[Caption-style text data]
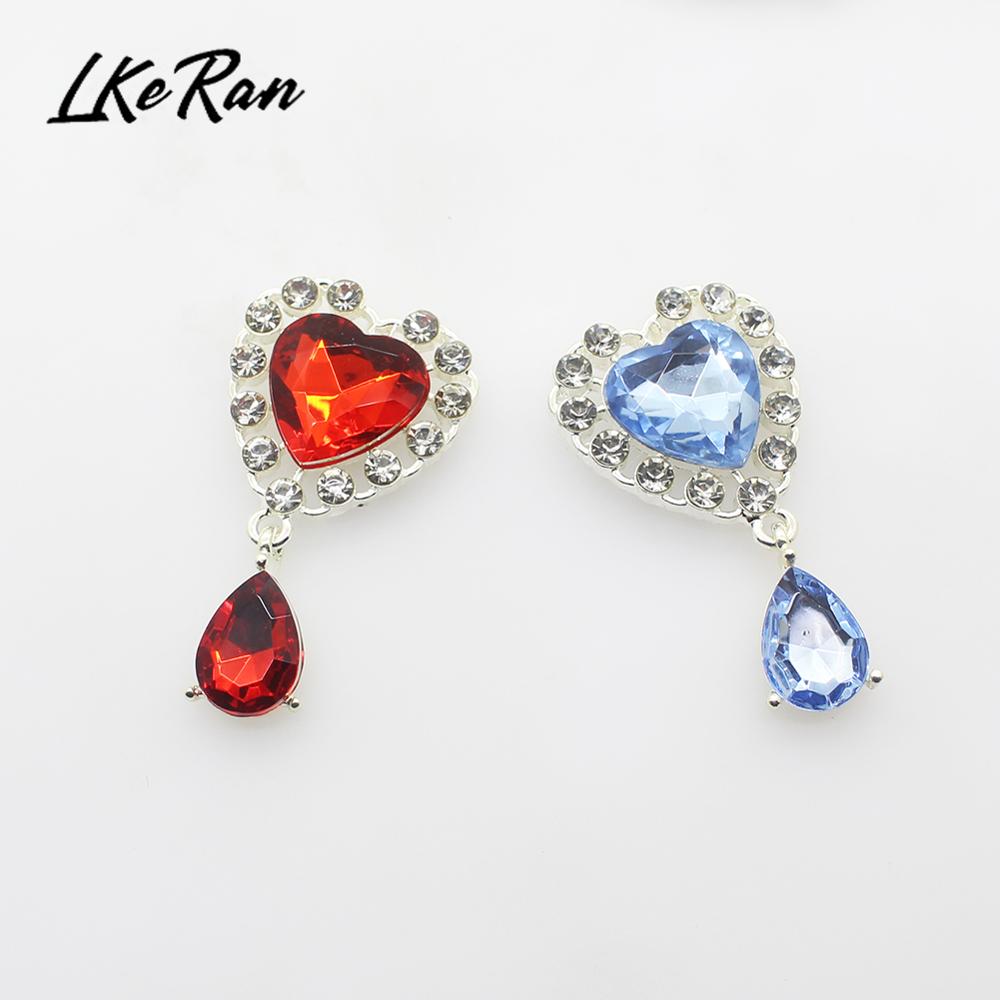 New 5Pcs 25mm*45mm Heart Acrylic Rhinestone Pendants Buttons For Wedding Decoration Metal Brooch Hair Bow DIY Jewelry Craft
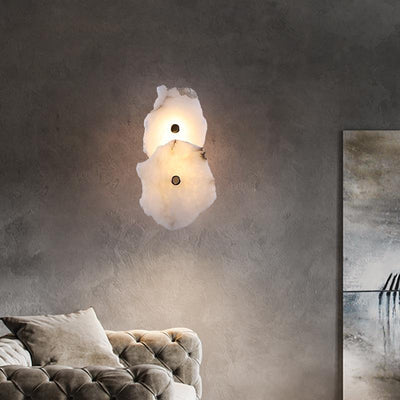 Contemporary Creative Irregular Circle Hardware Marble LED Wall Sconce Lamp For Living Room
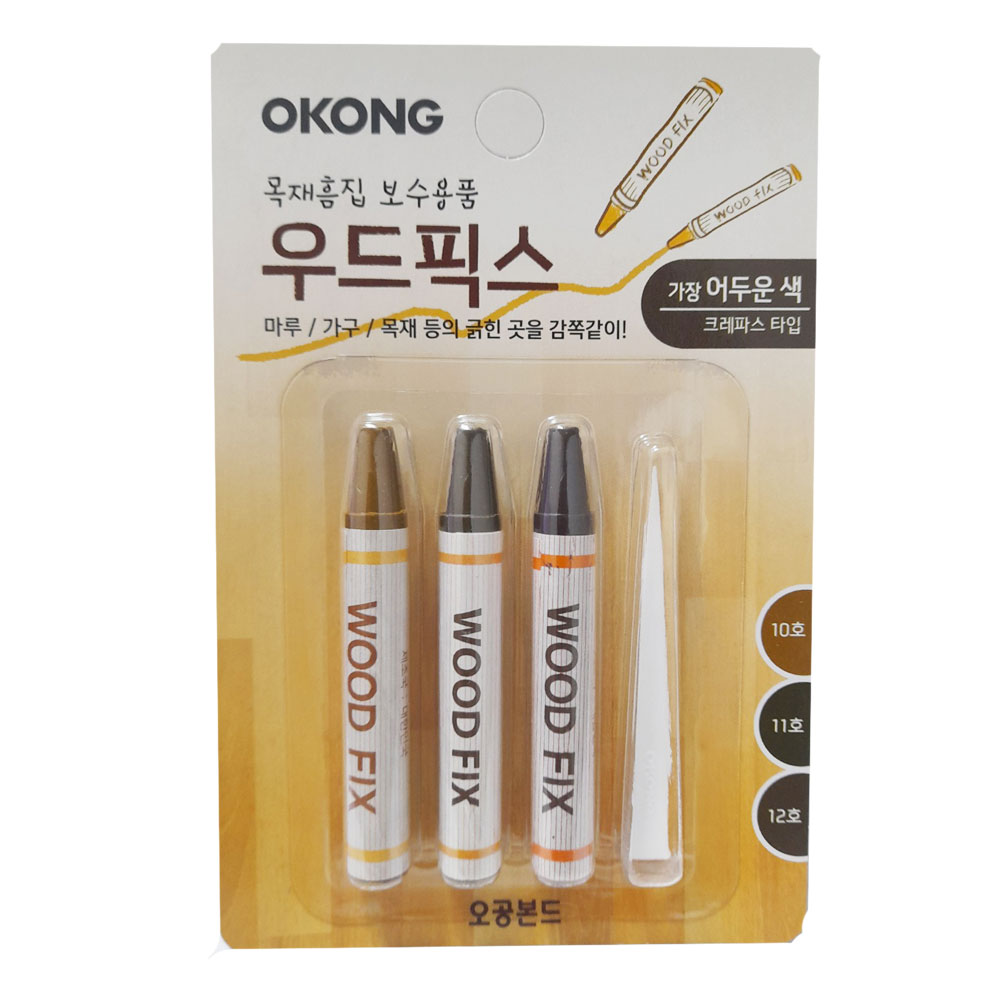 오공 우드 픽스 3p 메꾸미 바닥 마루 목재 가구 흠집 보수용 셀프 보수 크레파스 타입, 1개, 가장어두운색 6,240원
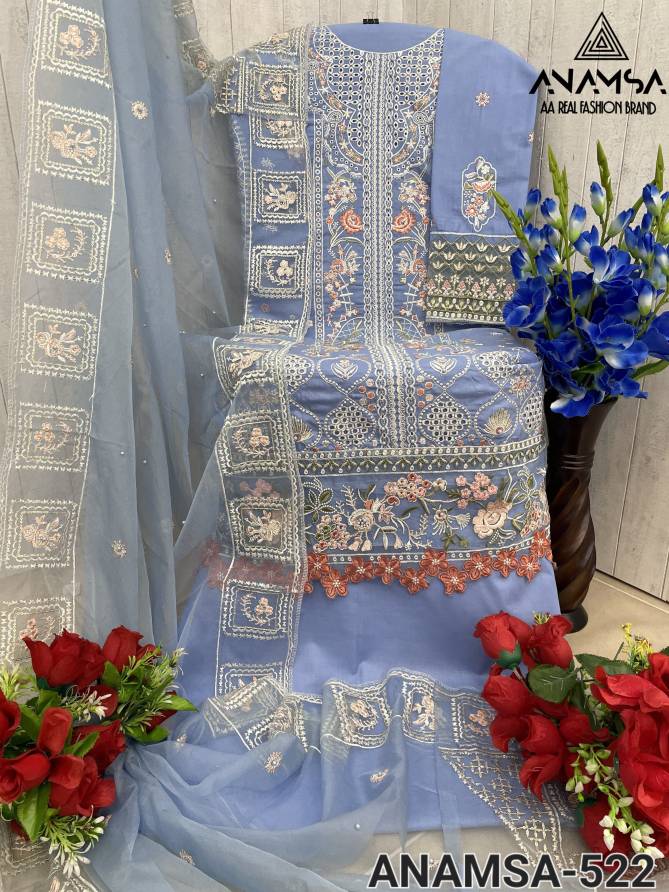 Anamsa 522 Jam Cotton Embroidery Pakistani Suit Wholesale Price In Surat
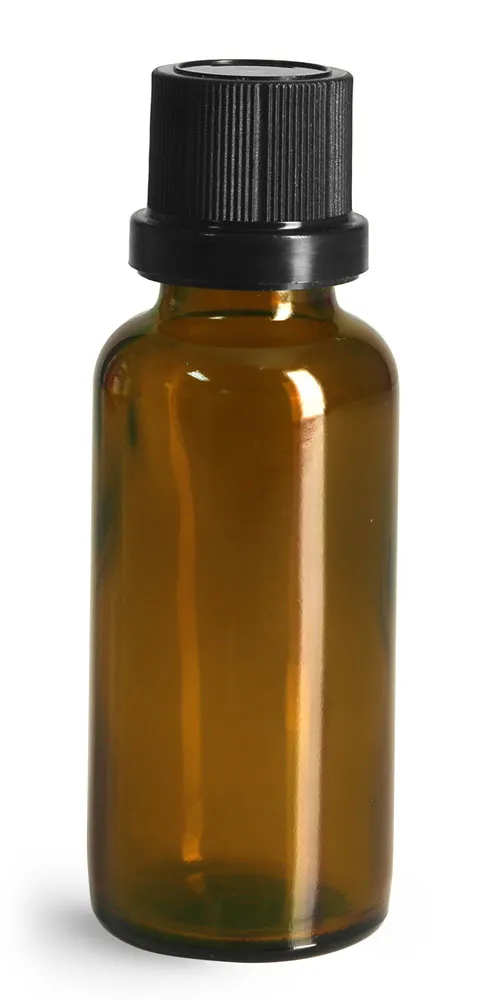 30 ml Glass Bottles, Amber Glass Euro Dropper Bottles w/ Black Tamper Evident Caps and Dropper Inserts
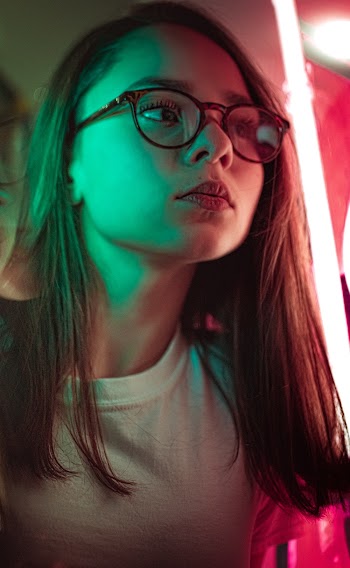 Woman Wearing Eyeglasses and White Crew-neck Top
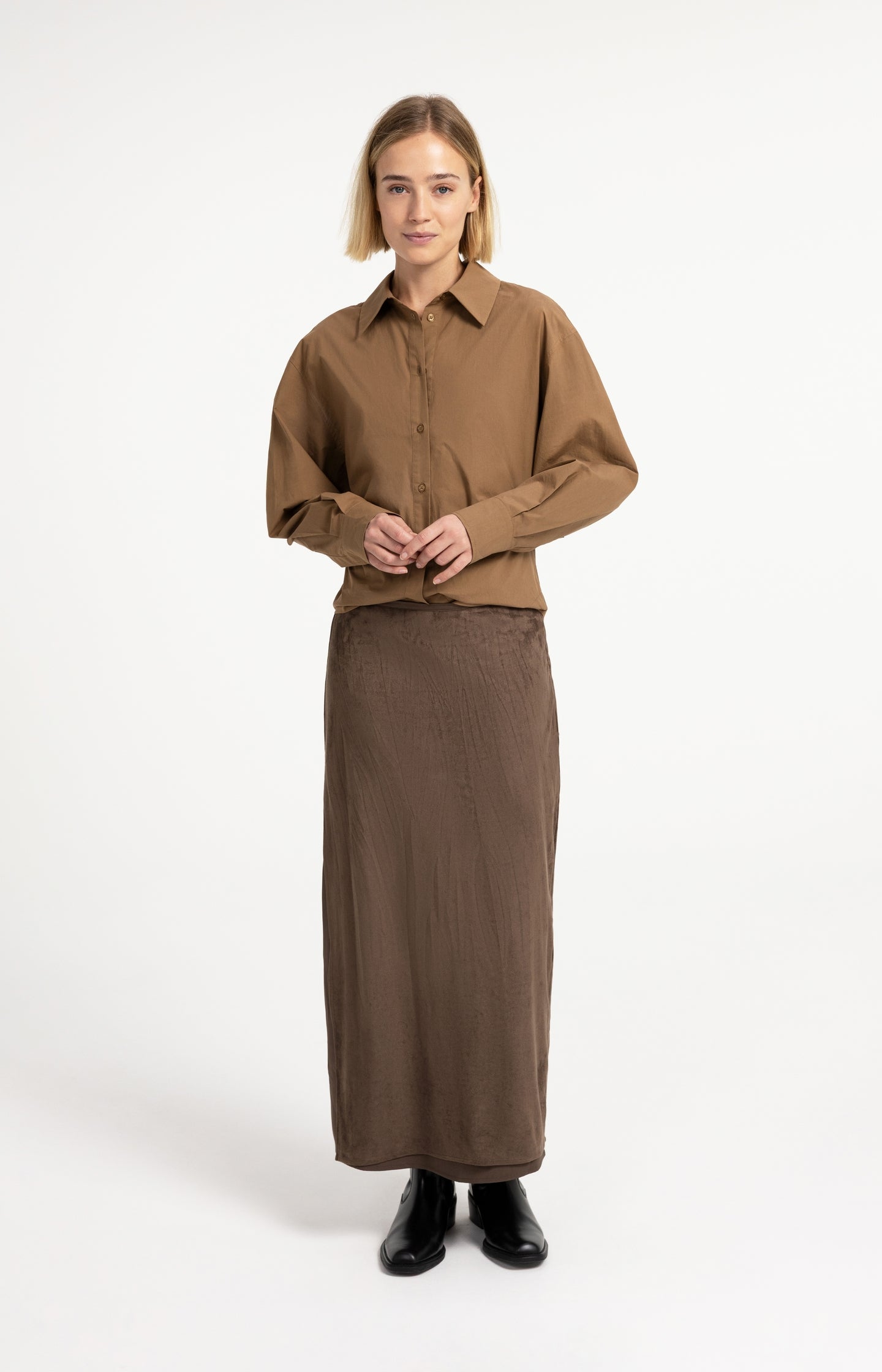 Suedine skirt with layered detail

● Your task
Give every line above again exactly, with no pictures.

● Answer for this exercise
 New 5Pcs 25mm*45mm Heart Acrylic Rhinestone Pendants Buttons For Wedding Decoration Metal Brooch Hair Bow DIY Jewelry Craft
 Contemporary Creative Irregular Circle Hardware Marble LED Wall Sconce Lamp For Living Room
 오공 우드 픽스 3p 메꾸미 바닥 마루 목재 가구 흠집 보수용 셀프 보수 크레파스 타입, 1개, 가장어두운색 6,240원
 Anamsa 522 Jam Cotton Embroidery Pakistani Suit Wholesale Price In Surat
 30 ml Glass Bottles, Amber Glass Euro Dropper Bottles w/ Black Tamper Evident Caps and Dropper Inserts
 Woman Wearing Eyeglasses and White Crew-neck Top
 Suedine skirt with layered detail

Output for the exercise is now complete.